What the task asks: Lines from the one containing "5-Shelf Split Bookcase/" through the last line of the data below are to be returned exactly; leave out the rest.

START Data extract

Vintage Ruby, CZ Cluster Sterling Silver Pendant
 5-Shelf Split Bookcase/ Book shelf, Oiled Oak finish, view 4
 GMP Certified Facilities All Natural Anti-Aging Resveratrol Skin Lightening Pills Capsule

END Data extract

Solved problem:
 5-Shelf Split Bookcase/ Book shelf, Oiled Oak finish, view 4
 GMP Certified Facilities All Natural Anti-Aging Resveratrol Skin Lightening Pills Capsule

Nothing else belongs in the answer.